The input:
· · · · ·
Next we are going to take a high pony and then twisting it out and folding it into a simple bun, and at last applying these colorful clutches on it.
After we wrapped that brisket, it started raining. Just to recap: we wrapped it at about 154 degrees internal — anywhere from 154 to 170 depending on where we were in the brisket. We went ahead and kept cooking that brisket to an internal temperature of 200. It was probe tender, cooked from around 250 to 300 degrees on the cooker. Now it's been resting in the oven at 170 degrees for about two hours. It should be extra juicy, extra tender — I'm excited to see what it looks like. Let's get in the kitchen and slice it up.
· · · · ·
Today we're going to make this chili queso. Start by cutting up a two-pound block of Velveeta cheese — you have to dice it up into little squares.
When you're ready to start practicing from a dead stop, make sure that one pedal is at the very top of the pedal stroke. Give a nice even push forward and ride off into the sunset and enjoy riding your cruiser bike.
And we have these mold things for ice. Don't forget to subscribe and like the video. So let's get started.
· · · · ·
Exercise description:
Retype the records above, but only those lines that fall between the line containing "When you're ready" and the line containing "And we have", with both of those lines included, exactly as written.

Answer box:
When you're ready to start practicing from a dead stop, make sure that one pedal is at the very top of the pedal stroke. Give a nice even push forward and ride off into the sunset and enjoy riding your cruiser bike.
And we have these mold things for ice. Don't forget to subscribe and like the video. So let's get started.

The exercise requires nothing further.